Chery Unleashes Lepas: A Bold New SUV Brand for the UK Market

At Chery’s sprawling HQ in the city of Wuhu, two hours west of Shanghai, dozens of prototypes circle the streets linking the company’s various R&D facilities.
In one prototype jam, we spot a camouflaged Lepas with Audi’s four rings crudely drawn on tape covering the badge.
The marking was clearly a joke, but it was also a sign of Chery’s sky-high confidence that it can conjure up a new export brand, launch it globally, including in the UK, within a year and quickly establish it as a serious contender.
Lepas was launched at an event in Wuhu in April, where we learned that the SUV line-up would use the same T1X platform as its Omoda, Jaecoo and Chery brands offering electric, hybrid and plug-in hybrid variants.
Given Chery already has bold plans to expand sales of SUVs from those brands in the UK and mainland Europe, the crowd of dealers, media and influencers were left to wonder what niche was left for Lepas to fill.
Chinese car companies are famous for their willingness to conjure up new brands in reaction to shifting trends and counter stalling growth from older brands.
Lepas (portmanteau of leopard and passion) was born partly for that reason, according to Zhang Guibing, president of Chery International.
But in a sign of China’s increased sophistication when it comes to automotive marketing, Zhang made a credible case for the separation using a slide titled 'Too many brands?'.
Lepas essentially takes the smaller SUVs from the Chery Tiggo range, tightens the curved look, adds a new cat-eye driving-light signature and aims the brand at ‘modern families’.
Future Tiggos will be given a chunkier look targeted at more traditional family buyers, with Omoda steered in a more edgy, modern direction, as revealed by the new Omoda 3 coming next year.
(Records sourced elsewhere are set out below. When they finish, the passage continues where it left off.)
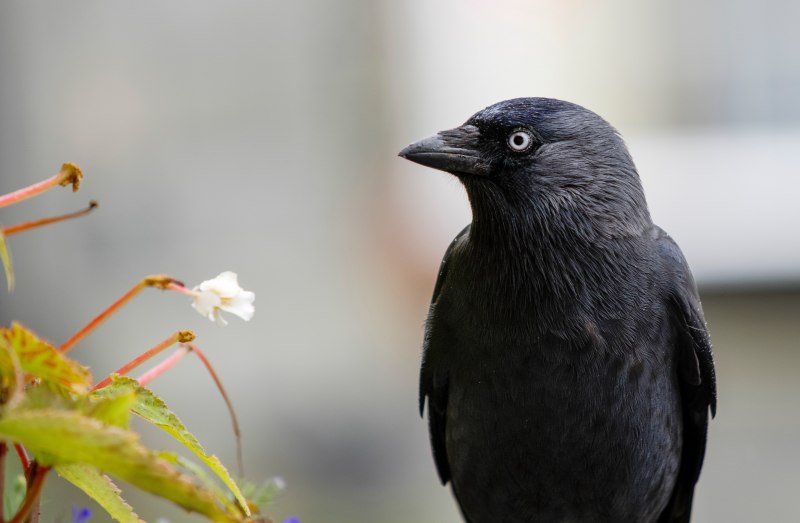 Галка (Corvus monedula)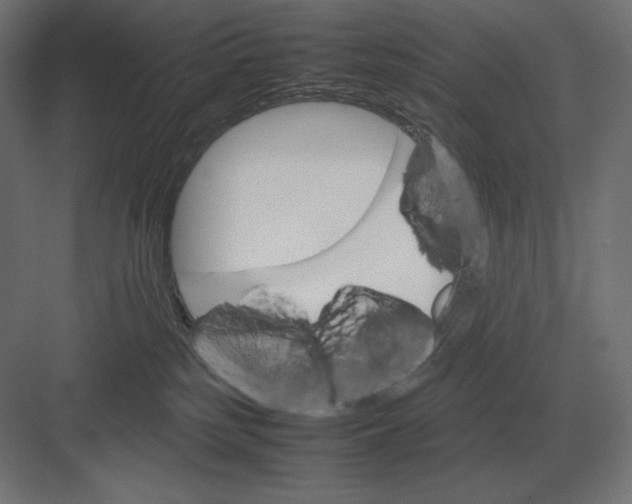 X0000082150185200702092200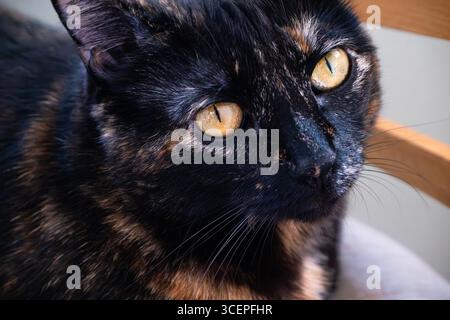 Portrait en gros plan d'un chat écaille de tortue avec des yeux dorés saisissants. Banque D'Images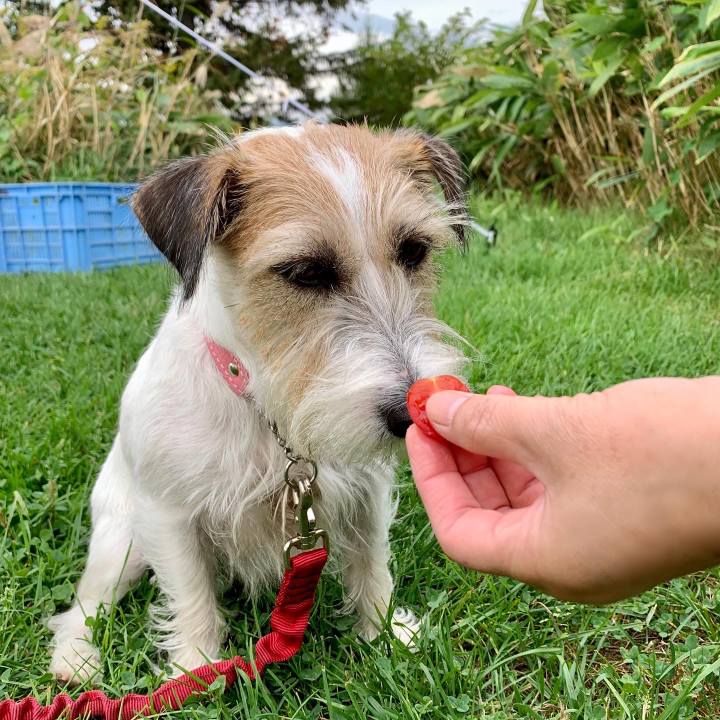 91de6db9 7a5b 4f24 94b8 b95ce3c9f3d9 1663072855575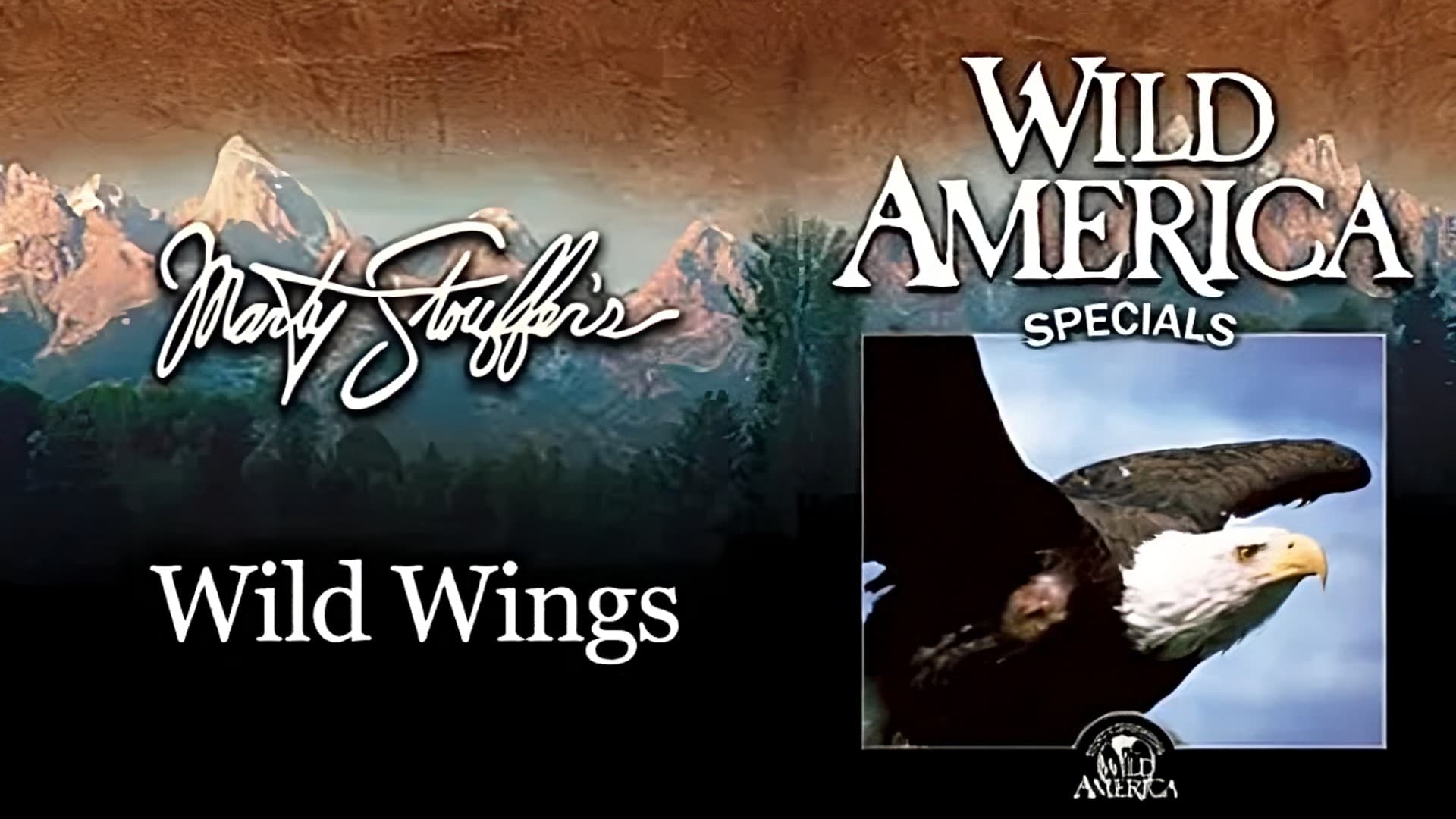 Wild America Special- Wild Wings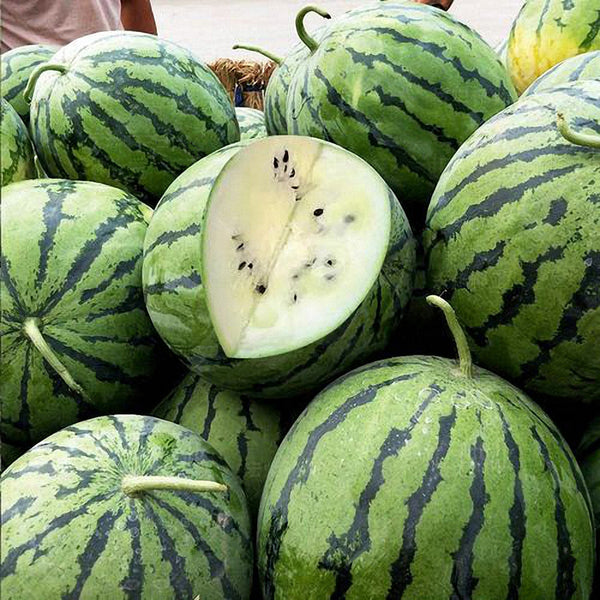 Snow Pear White Watermelon Seeds, 10g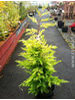 Cupressocyparis leylandii Gold Rider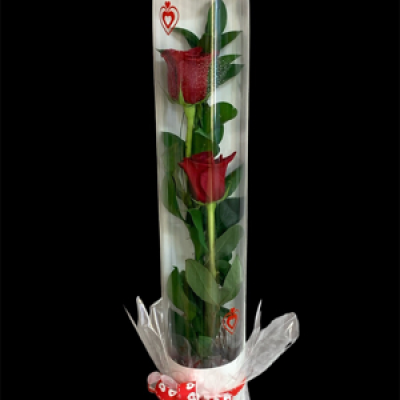 FIRST DATE - 2 Red roses in a presentation box finished with Hearts & a Bow
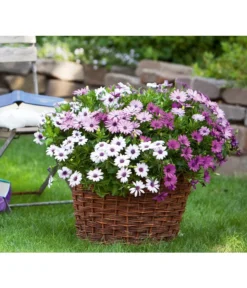 Kapkörbchen, Verschiedene Farben -Compo Verkaufsgeschäft 8825556 WE FS 001 KapkoerbchenSlOsteospermumEckl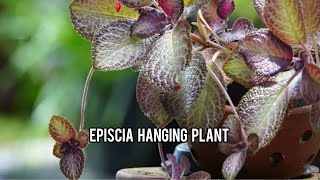 Episcia hanging plant [upl. by Bowers]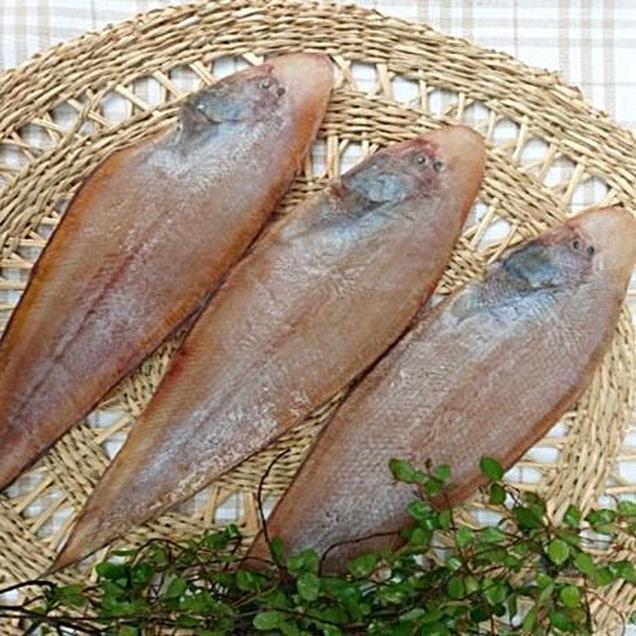 (녹동수산)국내산 반건조 참서대 3미 30~32cm내외2782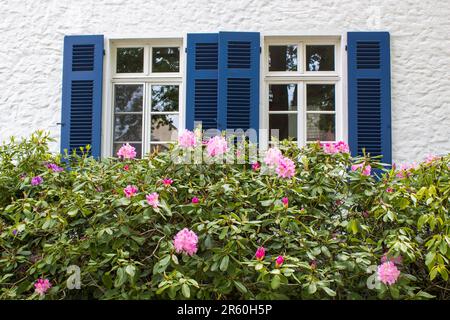 Altes deutsches Haus mit Holzfenstern, Holzläden und Rhododendron-Blumen, Wachtendonk, Deutschland Stockfoto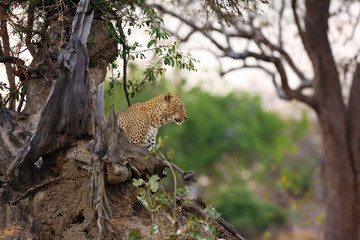 The African leopard (Panthera pardus pardus) big male in his territory in the last evening light....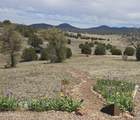 455 Seeley Road - Photo 41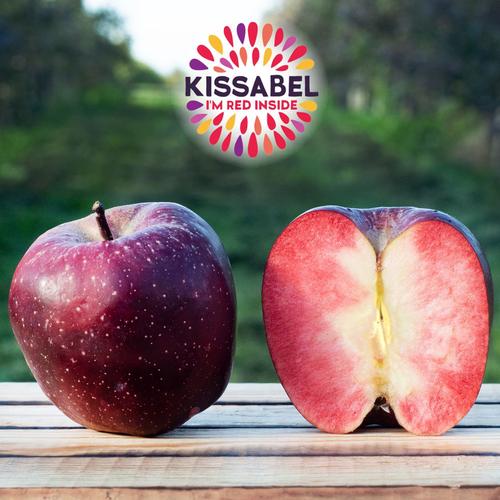 kisssabel rouge apfel 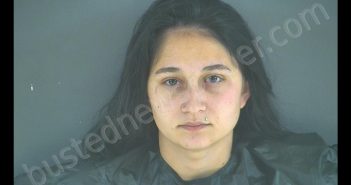 ELIZABETH ANN LOVE | 2019-12-11 21:25:00 Blue Ridge Regional Jail, Virginia Booking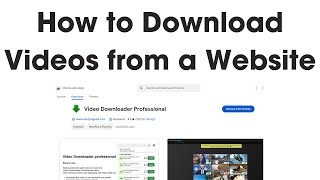 How to Download Videos from Any Website for Free  Video Downloader Professional Tutorial [upl. by Odnama332]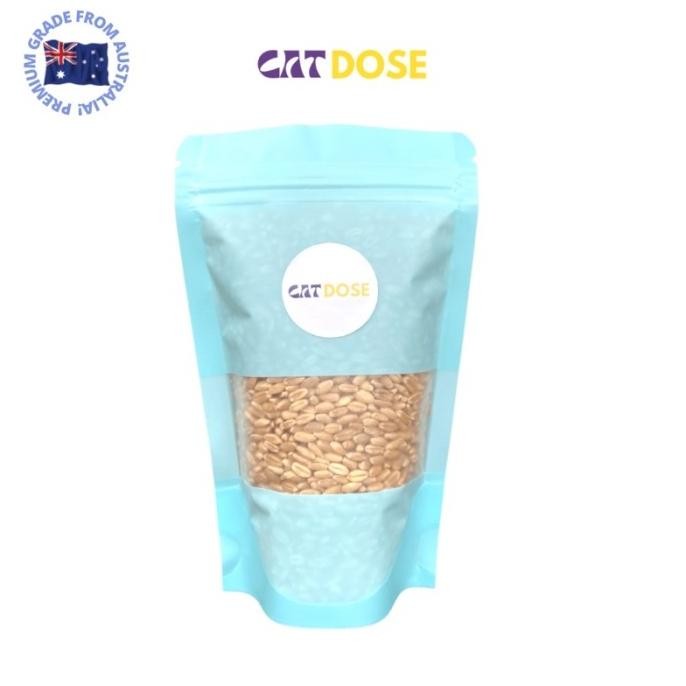 

Terlaris Benih / Biji Gandum Wheatgrass Catgrass Rumput Kucing Go Kadqfx 7067Fa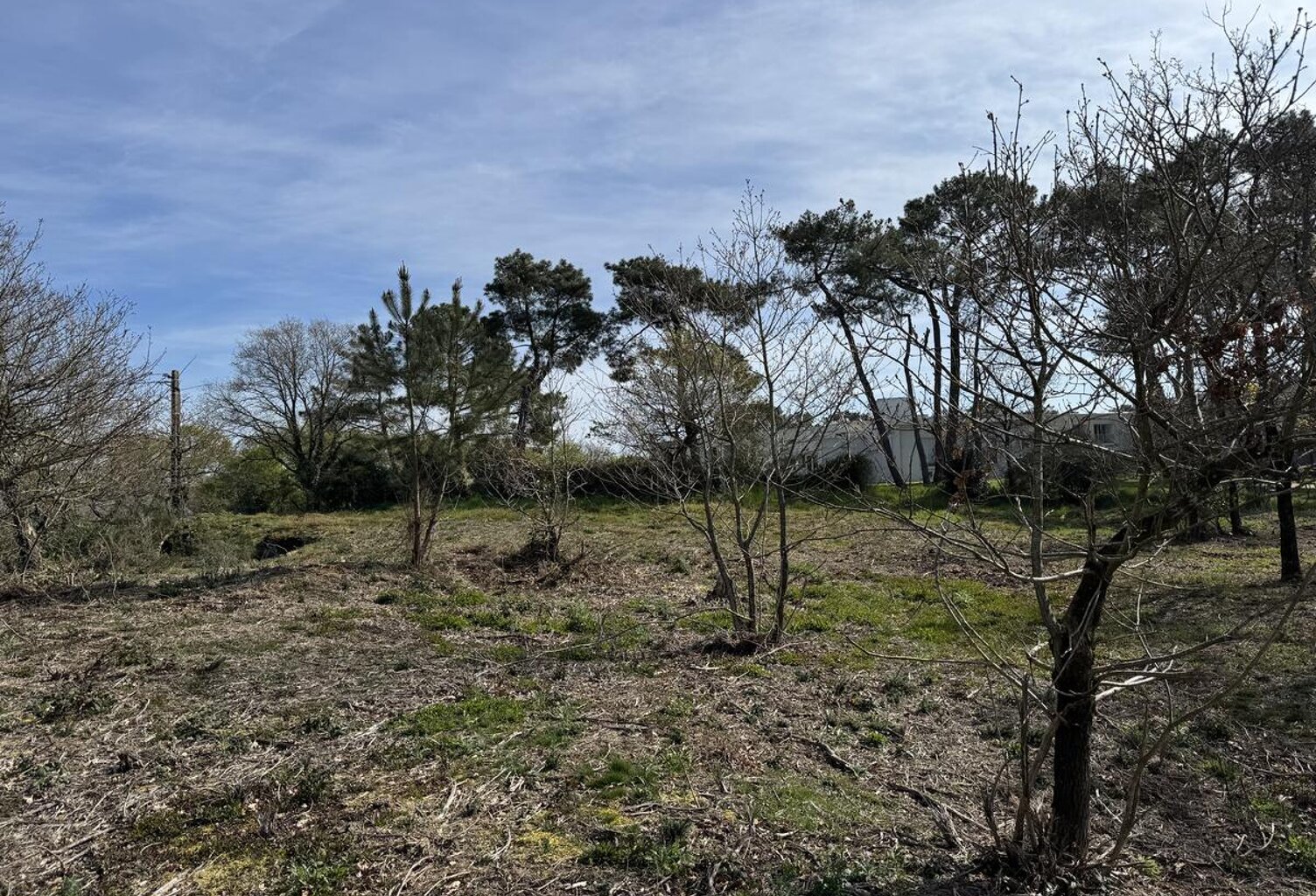 Terrain — photo 1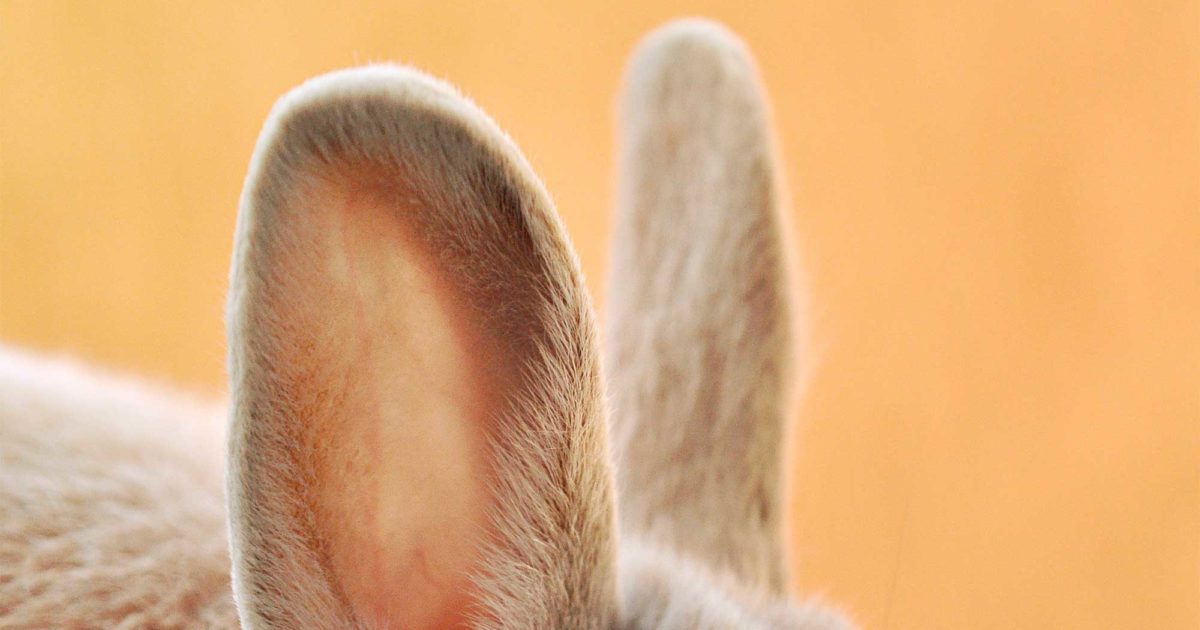 Louis Vuitton: Using Animal Skins Is Not Humane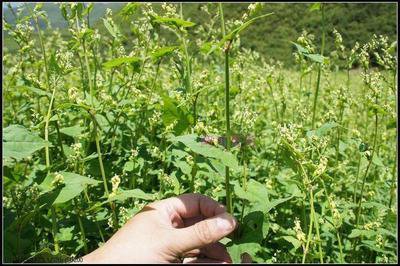 五谷粗粮苦荞饭,五谷之王苦荞的神奇功效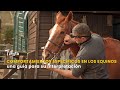 Comportamientos específicos en los equinos - TvAgro por Juan Gonzalo Angel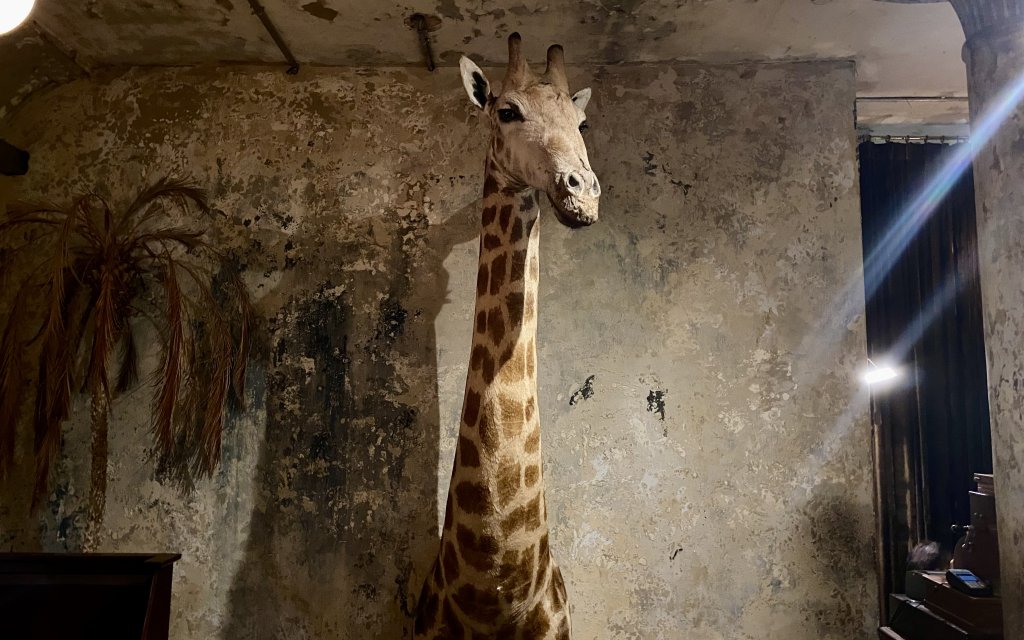 The Mustang Blu in Bangkok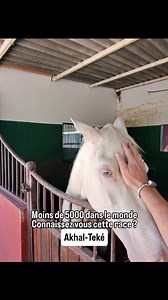 L’Akhal-Téké est un cheval de selle originaire du Turkménistan, où il est une vraie fierté nationale. Il est connu pour sa robe dorée et son élégance. La race est très endurante, ayant pour origine le désert, ce cheval est capable d’y marcher de longs trajets. Elle est aussi très résistante et peut supporter des variations de températures de 50 à -30°C. Bien que très célèbre et admiré pour sa beauté, l’effectif mondial d’Akhal-Téké dépasse à peine les 5000 individus. | Steven Moussa Ambassadeur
Jaecoo sits more upmarket with a style Chery calls ‘British Gentleman’.
“By offering different brands on the same platform, the volume is very big and that gives us a good price,” Zhang said.
They didn’t say it, but in a brand head to head with the Volkswagen Group, Tiggo could be equated to Skoda, Lepas to VW and Omoda to Cupra, with Jaecoo tackling the lower reaches of Audi using a styling wardrobe borrowed from Range Rover.
Chery has plenty of exposure to the style and appeal of Land Rover products thanks to its joint venture with JLR in China.
The future Lepas range could be tailor-made for the UK, given our enduring fondness for small- and medium-sized SUVs and growing demand for electrified models.
The brand's launch models – the L4 and L6 compact SUVs – will be offered with electric, PHEV or combustion drivetrains, with the L2 small SUV following later as an EV.
Chery is negotiating for Lepas models to be built in a VW plant in Germany, Automotive News Europe recently reported. The plan is likely to be similar to that of Chery’s takeover of the old Nissan plant in Barcelona, where it finishes off half-built Tiggos rebranded as Ebros for the Spanish market.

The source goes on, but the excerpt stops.